After making it through the river, the group makes its way into Lake Folsom, where other OA team members welcome rafters back and tow the raft across the lake on a jet ski. The exciting day of adventure comes to an end, and participants return to Davis by 6:30 p.m.

Finkle explained that Outdoor Adventures is an economical choice for college students looking for a day nothing short of ordinary. For a standard day trip to the south fork of the American River, students pay $65.

“We primarily serve the student body since we are a part of the university,” Finkle said. “Our prices are cheaper for students and ARC members, but we provide trips to anybody and everybody. The prices are slightly different but still very affordable.”

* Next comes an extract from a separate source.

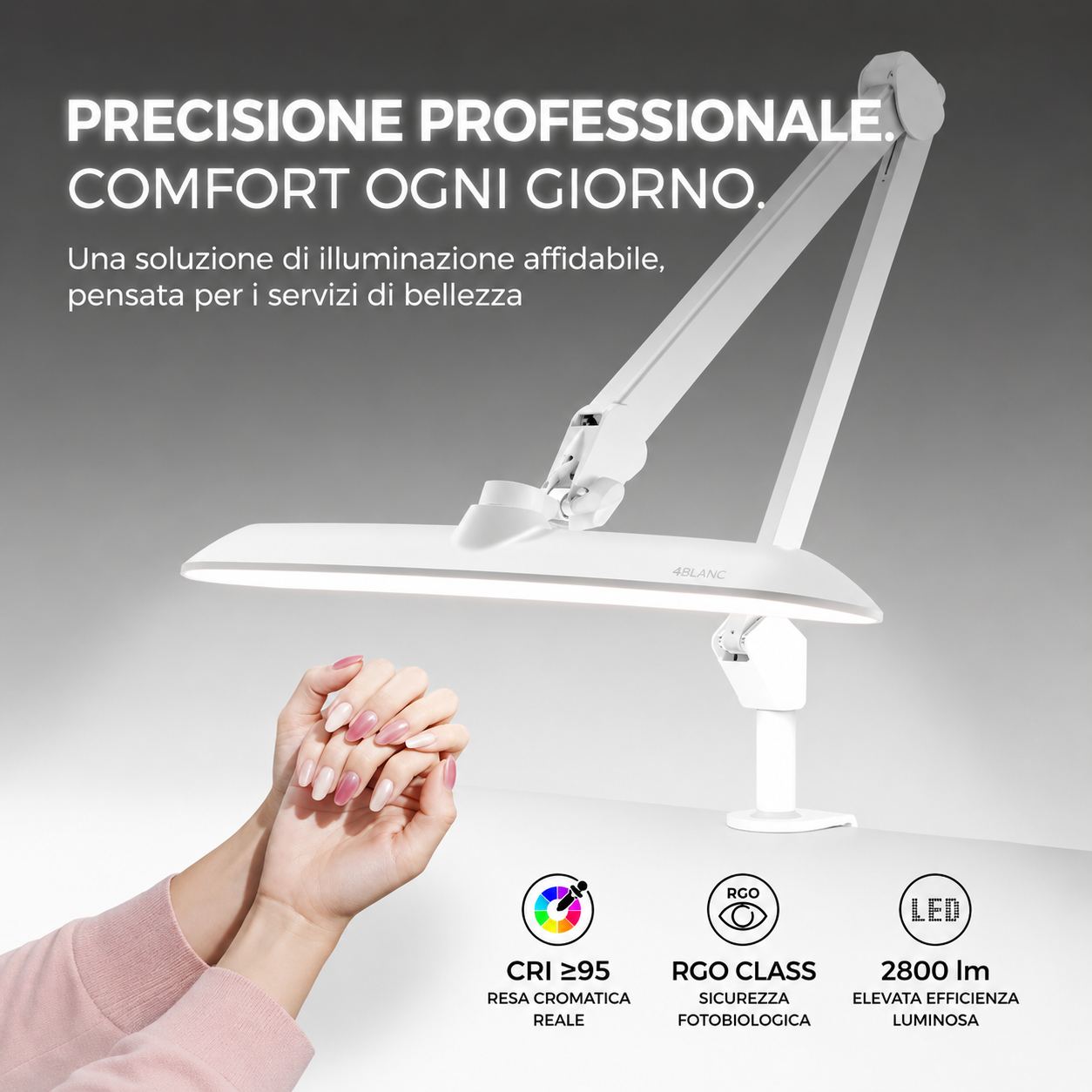 Penn™ Lampada LED Professionale Versatile con Protezione Visiva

Finkle offered a piece of advice for students who don’t consider themselves to be “outdoorsy.”

“Go for it,” Finkle said. “College is all about trying new things and putting yourself outside of your comfort zone. If you aren’t a big outdoorsy person or even if you are and you’ve never gone rafting it’s okay, [rafting] is totally outside most people’s comfort zone, but in the best way possible.”

As far as safety goes, participants shouldn’t be too worried, according to third-year psychology major Ayla Lebovitz. Lebovitz got involved with Outdoor Adventures as a freshman and now teaches various guide schools.

“We take safety super seriously,” Lebovitz said. “Your guide will always be with you and you’re always wearing a life jacket and helmet. You don’t need any experience to go on a trip. Your guide will have all the experience necessary to take you down safely.”

All rafting guides go through an intensive set of guide school classes and practice trips before taking out a group of participants.

“We always have super experienced guides on every trip,” Lebovitz said. “The guides know what to do in any given situation and there are always two boats out there, so if something goes wrong in one of the boats there will be another experienced guide to help out.”

In addition to the multiple physical and thrilling benefits of rafting, there is also an important benefit to being out on the water. Kevin Trujillo, a third-year mathematics major, is an experienced rafter who works as guide at Sunshine Rafting. To Trujillo, rafting is almost a liberating experience.

“I’m a huge advocate for mental health,” Trujillo said. “I think that just being outdoors really improves your mental state. It gives you more time to think and get your heart racing rather than being cooped up in your room or on campus.”

Moreover, Trujillo explained how rafting can be a fun way to experience nature and socialize.

“I think [rafting] gives you a better appreciation of where we are in California,” Trujillo said. “We have so many natural wonders around us which is awesome [and] having that experience in the sun with a good group of people is a blast.”

For those looking for a unique adrenaline rush that allows one to focus on the excitement and nature rather than just the physical exercise, visit the OA center and book your next great adventure.